15 September 2005

Baghdad hospital corridors fill with dead, wounded

Mussab al-Khairalla
Reuters
14 September 2005

BAGHDAD, Sept 14 (Reuters) - The bodies of the dead and the dying lay slumped on the cold tile floors of Baghdad's Kadhimiya hospital on Wednesday, the bloody victims of one of Iraq's deadliest suicide bombings.

Weeping relatives were left to hold up bags of saline for the wounded after equipment ran out in the hospital, one of the city's busiest. Wards overflowed, leaving dozens lying in shock on the floor, desperate for treatment.

The ground was littered with blood-stained bandages and empty plastic bags of medicine, while the corridors echoed with the screams of patients, some of whom lost limbs in the blast.

"Oh Ali! Ali!" cried one man through a grimace, invoking the grandson of the Prophet Mohammad, a revered Shi'ite imam.

Stunned doctors in white coats tried to assess the worst cases and decide who could wait, who needed urgent surgery and for whom it was already too late.

One man, half naked and curled up in a ball on the grime- ridden floor, shook uncontrollably, his body still in shock from the attack. Doctors stepped over him, and the pool of blood around him, as they tended to even worse cases.

The scenes at Kadhimiya were repeated at Yarmouk and at other hospitals and clinics throughout Baghdad -- all those close to the scene of the bombing.

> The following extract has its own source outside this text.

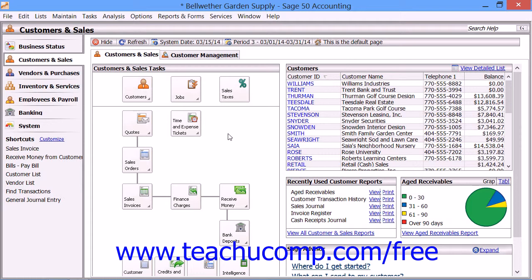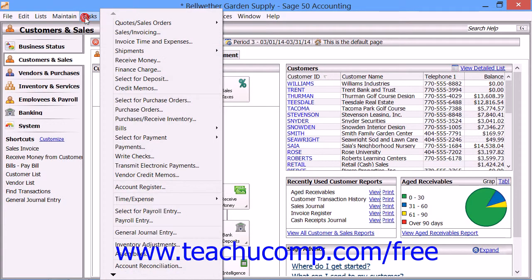Quotes are also very useful because quotes that the customer accepts can easily be converted into either sales orders or sales invoices later on. You can enter a quote for a customer within the Quotes window by selecting Tasks from the menu bar, rolling over the Quotes and Sales Orders command, and then choosing Quotes from the side menu that appears.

The attack occurred shortly after dawn as crowds of men gathered in a square in Kadhimiya, a predominantly Shi'ite area of Baghdad, to look for work as day labourers.

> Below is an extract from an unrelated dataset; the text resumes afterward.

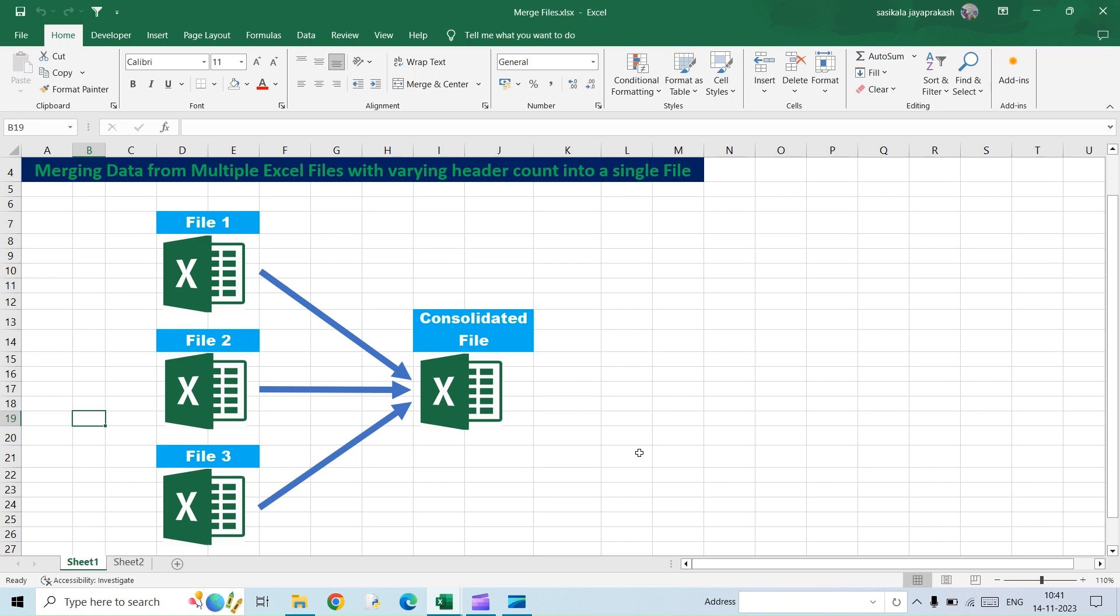Hello all, welcome to my channel Learning Oasis. This video is going to be a continuation of the previous video. The previous video I posted was how to merge multiple Excel files into a single file using Power Query.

It is a daily ritual across the capital, where unemployment runs high and young men are desperate for any work.

WITNESS TO DEATH

Nayif Atshan, 58, was close to the scene of the blast. He said a man in a pick-up truck pulled up to the crowd of men and asked if anyone wanted work. Some jumped in the back and others crowded around. Then the man got back in the pick-up and it blew up, Atshan said.

"I still remember the man's beard," he said, as he lay in Karama hospital, part of his leg blown off.

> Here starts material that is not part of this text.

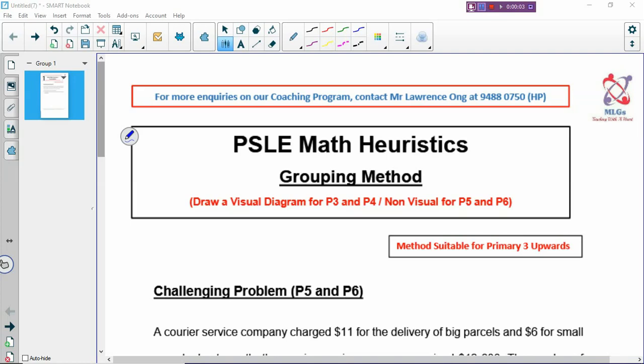Hi, welcome back to PSLE Math Heuristic lesson. Today we are going to look at the grouping method, which is one of the commonly used methods to solve a lot of problems.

"After the explosion, cars were burning around me and flesh was scattered everywhere, it was raining blood," he said.

It was one of more than half a dozen car bomb attacks around the capital on Wednesday, a seemingly coordinated series of strikes that was later claimed by a group linked to al Qaeda.

In all, more than 150 people were killed and around 200 wounded in Baghdad, Iraqi police and health officials said.

The Kadhimiya bombing was the second deadliest since the war in Iraq began -- the worst coming in February this year when 125 people, including dozens of police recruits, were killed when a car bomb exploded in Hilla, south of Baghdad.

The extent of violence in the country, unabated after more than 2-1/2 years of conflict, has left a large proportion of the population psychologically scarred, experts say, while more and more families have lost one or more relative.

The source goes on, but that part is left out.